With cooked pasta, photographing while steaming hot can again liven up the scene, a small amount of parsley or black pepper can again add to the detail.
The thin slightly translucent nature of pasta also lends itself to backlighting, where the tones of the pasta and the glow of the backlighting show themselves. It is also a cheap subject, dried pasta, dark background and boiling water on a tabletop studio. Pasta comes in all shapes and sizes so most stores have a good selection of varieties to choose from.
For these images, the lighting consisted of one softbox with daylight fluorescent lamp to the right and backlighting provided by a single Speedlight set on low power.
The fresh tagliatelle image looked quite flat on the first images, a light dust of flour provided extra detail and texture which was picked up with the lighting well. Concentrating on the uncooked pasta first allowed me to play around with the lighting without worrying about pans of boiling water.
In manual mode, I used the lowest ISO I could with the images, to minimise noise, varying apertures were used depending how much of the scene I wanted to focus on.

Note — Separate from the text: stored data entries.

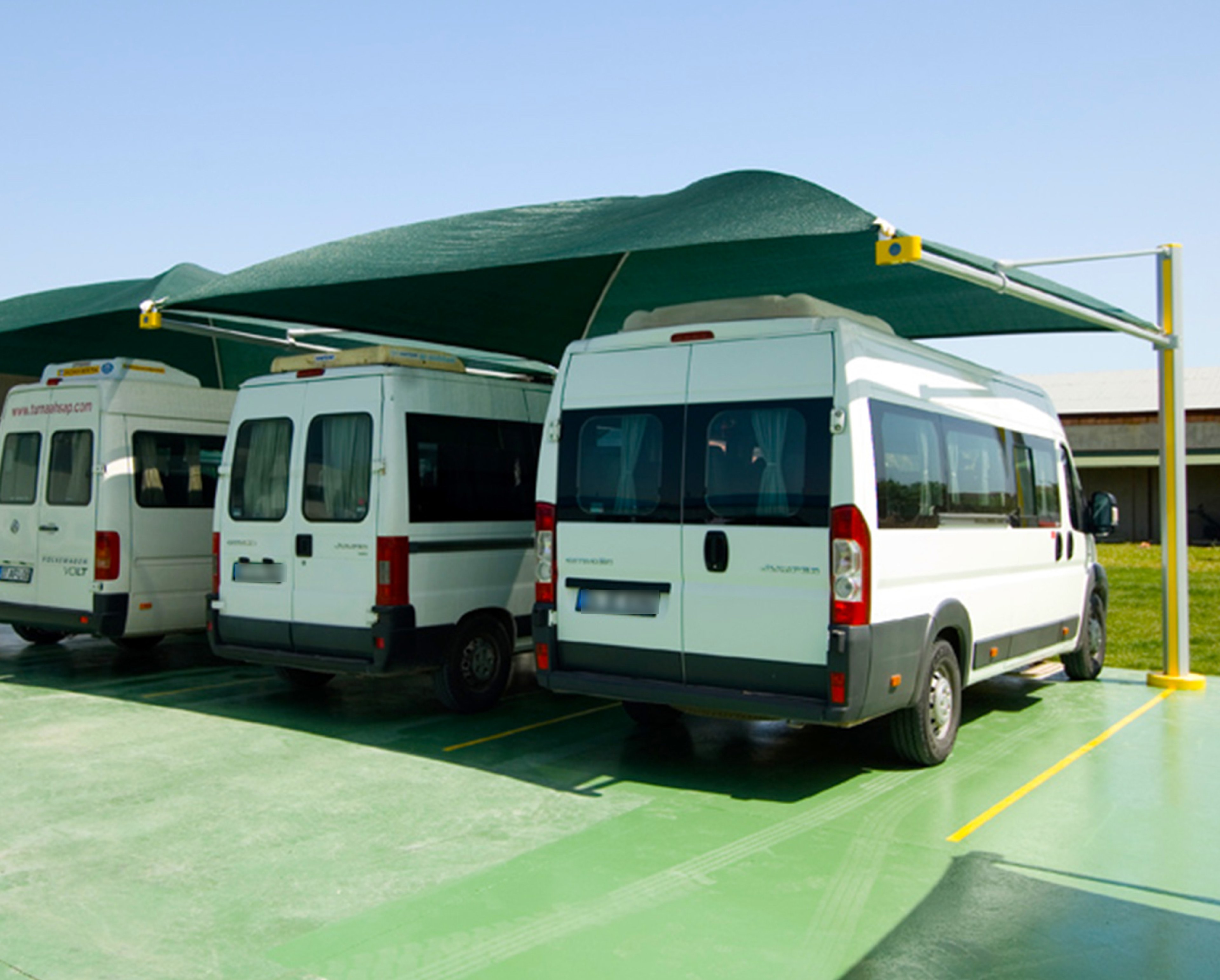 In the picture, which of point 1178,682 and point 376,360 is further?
point 1178,682

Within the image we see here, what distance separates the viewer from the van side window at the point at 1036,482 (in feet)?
28.3

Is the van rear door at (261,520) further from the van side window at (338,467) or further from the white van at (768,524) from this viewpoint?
the white van at (768,524)

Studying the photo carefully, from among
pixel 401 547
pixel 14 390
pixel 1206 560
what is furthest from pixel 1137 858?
pixel 1206 560

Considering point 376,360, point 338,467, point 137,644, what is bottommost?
point 137,644

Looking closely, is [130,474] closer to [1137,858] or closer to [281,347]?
[281,347]

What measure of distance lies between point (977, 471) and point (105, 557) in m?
7.00

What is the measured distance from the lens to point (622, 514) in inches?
273

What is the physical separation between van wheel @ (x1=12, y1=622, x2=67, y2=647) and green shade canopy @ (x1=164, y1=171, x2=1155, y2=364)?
4.02m

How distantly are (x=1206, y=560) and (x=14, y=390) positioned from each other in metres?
26.5

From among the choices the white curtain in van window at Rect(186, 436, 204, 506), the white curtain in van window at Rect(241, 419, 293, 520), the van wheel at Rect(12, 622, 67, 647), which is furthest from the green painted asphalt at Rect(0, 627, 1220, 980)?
the van wheel at Rect(12, 622, 67, 647)

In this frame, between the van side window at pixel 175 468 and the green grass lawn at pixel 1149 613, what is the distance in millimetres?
9061

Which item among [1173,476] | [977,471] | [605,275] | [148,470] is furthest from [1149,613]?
[148,470]

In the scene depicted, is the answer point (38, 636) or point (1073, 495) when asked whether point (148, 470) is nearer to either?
point (38, 636)

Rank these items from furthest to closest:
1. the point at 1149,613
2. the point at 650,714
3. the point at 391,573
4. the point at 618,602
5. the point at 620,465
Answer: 1. the point at 1149,613
2. the point at 650,714
3. the point at 391,573
4. the point at 620,465
5. the point at 618,602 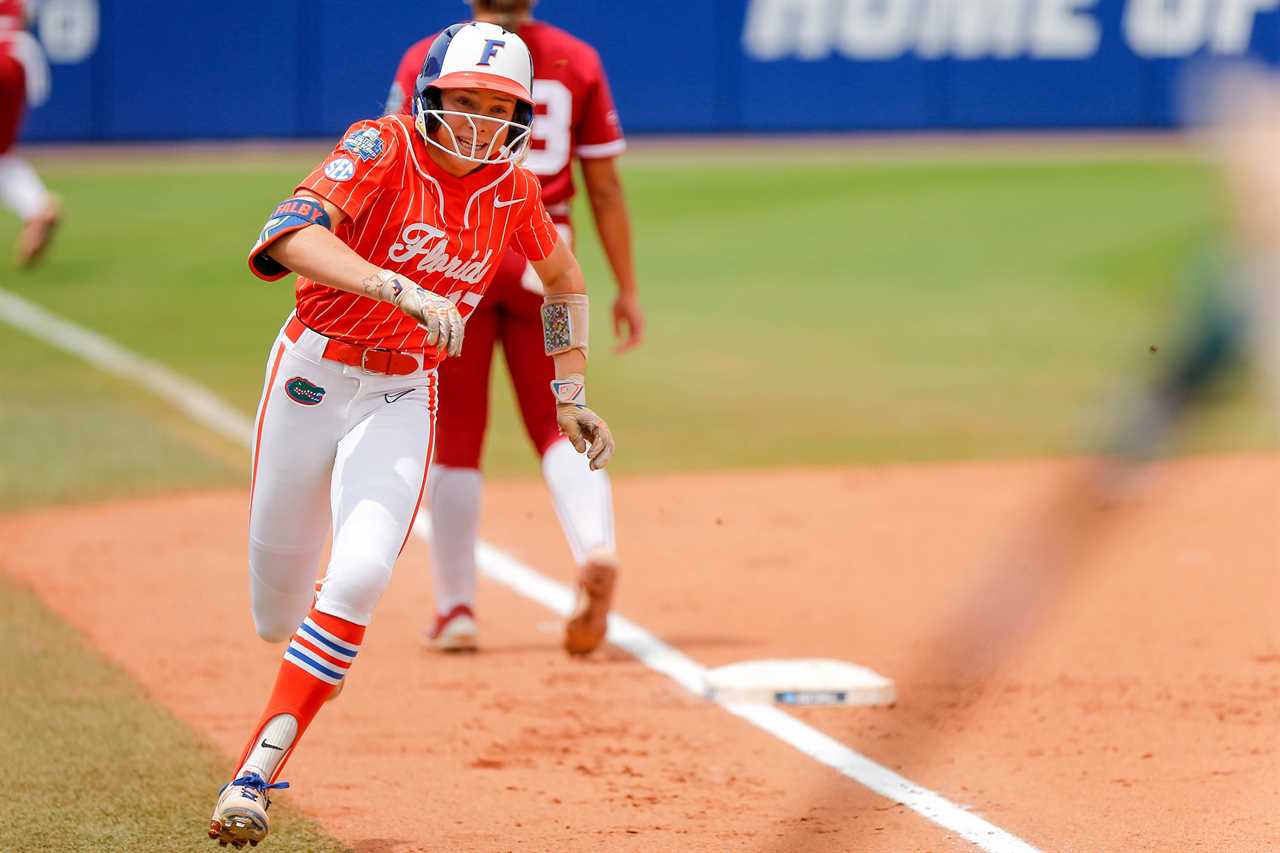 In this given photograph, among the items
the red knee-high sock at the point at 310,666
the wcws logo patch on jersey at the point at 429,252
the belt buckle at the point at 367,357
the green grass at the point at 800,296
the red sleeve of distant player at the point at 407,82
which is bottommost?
the green grass at the point at 800,296

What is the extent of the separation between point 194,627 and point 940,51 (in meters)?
18.6

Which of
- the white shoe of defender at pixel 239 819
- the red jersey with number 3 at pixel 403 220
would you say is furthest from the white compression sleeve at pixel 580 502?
the white shoe of defender at pixel 239 819

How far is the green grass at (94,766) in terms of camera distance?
176 inches

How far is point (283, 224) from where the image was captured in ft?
14.0

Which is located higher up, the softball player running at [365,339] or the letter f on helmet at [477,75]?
the letter f on helmet at [477,75]

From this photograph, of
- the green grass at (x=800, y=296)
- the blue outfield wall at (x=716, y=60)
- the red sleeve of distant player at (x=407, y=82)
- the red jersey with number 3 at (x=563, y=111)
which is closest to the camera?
the red sleeve of distant player at (x=407, y=82)

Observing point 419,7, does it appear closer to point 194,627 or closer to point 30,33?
point 30,33

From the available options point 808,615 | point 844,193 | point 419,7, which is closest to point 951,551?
A: point 808,615

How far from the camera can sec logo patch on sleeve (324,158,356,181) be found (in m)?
4.39

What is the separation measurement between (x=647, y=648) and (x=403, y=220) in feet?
8.35

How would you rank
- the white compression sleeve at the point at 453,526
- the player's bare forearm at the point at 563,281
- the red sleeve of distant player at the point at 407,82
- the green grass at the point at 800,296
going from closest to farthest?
the player's bare forearm at the point at 563,281
the red sleeve of distant player at the point at 407,82
the white compression sleeve at the point at 453,526
the green grass at the point at 800,296

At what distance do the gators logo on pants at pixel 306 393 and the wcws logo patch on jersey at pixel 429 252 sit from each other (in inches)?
15.0

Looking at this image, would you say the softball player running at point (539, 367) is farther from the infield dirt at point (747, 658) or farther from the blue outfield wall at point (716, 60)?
the blue outfield wall at point (716, 60)

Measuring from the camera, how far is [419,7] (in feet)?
75.5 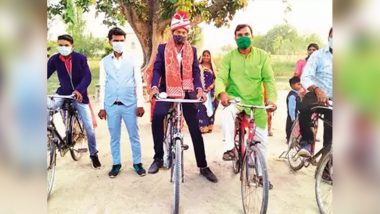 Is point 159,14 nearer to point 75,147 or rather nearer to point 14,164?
point 75,147

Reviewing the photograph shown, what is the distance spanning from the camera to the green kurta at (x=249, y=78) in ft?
7.35

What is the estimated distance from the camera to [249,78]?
7.51 feet

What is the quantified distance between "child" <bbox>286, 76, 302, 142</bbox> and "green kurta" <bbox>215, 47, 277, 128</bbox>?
8 cm

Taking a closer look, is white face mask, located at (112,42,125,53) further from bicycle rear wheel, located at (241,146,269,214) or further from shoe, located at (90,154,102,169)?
bicycle rear wheel, located at (241,146,269,214)

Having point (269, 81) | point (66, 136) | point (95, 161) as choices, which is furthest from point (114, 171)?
point (269, 81)

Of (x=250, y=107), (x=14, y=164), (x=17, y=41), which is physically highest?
(x=17, y=41)

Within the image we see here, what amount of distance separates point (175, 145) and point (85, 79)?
0.58 meters

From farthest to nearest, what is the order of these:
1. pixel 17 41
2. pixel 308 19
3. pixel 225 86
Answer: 1. pixel 225 86
2. pixel 308 19
3. pixel 17 41

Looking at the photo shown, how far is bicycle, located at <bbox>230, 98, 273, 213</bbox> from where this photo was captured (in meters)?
2.10

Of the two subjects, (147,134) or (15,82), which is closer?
(15,82)

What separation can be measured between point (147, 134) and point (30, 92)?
2.18ft

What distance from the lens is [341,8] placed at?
6.31 feet

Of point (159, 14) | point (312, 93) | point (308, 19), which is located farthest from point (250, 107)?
point (159, 14)

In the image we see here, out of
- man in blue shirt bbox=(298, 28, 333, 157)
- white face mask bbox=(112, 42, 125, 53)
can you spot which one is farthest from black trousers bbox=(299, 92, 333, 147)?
white face mask bbox=(112, 42, 125, 53)
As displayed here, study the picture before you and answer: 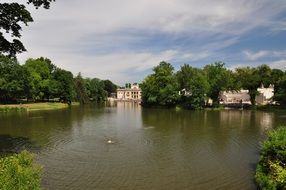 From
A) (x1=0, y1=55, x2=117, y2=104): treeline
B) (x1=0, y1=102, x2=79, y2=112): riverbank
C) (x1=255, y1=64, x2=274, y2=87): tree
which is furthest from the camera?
(x1=255, y1=64, x2=274, y2=87): tree

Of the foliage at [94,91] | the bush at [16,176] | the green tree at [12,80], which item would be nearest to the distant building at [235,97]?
the green tree at [12,80]

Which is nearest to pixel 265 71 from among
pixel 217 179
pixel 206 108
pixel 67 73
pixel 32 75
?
pixel 206 108

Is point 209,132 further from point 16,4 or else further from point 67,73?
point 67,73

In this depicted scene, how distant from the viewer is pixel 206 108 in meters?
98.9

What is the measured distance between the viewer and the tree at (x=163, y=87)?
102750 mm

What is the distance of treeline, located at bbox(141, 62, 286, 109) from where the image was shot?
97938 mm

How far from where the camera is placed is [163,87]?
107938mm

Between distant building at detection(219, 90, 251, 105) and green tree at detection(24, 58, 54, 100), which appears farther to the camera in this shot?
distant building at detection(219, 90, 251, 105)

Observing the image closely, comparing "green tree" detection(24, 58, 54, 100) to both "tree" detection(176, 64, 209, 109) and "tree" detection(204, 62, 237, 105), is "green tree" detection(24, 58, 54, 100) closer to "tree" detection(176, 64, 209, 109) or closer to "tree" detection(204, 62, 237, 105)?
"tree" detection(176, 64, 209, 109)

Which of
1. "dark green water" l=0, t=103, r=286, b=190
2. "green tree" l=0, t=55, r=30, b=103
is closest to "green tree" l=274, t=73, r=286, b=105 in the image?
"dark green water" l=0, t=103, r=286, b=190

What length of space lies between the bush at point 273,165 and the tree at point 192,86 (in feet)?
238

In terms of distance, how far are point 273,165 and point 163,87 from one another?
287 ft

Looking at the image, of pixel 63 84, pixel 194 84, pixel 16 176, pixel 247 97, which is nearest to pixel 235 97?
pixel 247 97

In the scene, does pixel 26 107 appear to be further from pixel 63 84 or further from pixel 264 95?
pixel 264 95
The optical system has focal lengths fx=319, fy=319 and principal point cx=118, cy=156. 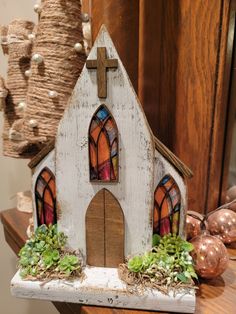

After the uncooked pasta, I turned to capturing some cooked, steaming pasta. I set up a fork suspended in the air by taping it to the top of canned veg!.
I boiled the pasta in water but removed from the water before it was fully cooked. Now here is the tricky bit, getting the pasta twirled around a fork is not as easy as it seems, it slides off easily and has a mind of its own.
With the intention of capturing steam, my first few attempts failed as by the time I managed to get the pasta on a fork, it had cooled and the steaming stopped. Keeping the fork straight and tilting the pan was the answer. Once securely on the fork, the pasta was dipped briefly back into the boiling water then quickly set up and captured while still steaming.
The steam does not last long and several images were fired off in succession to capture the variations.Some dried parsley was also used on the pasta t give it a little more detail.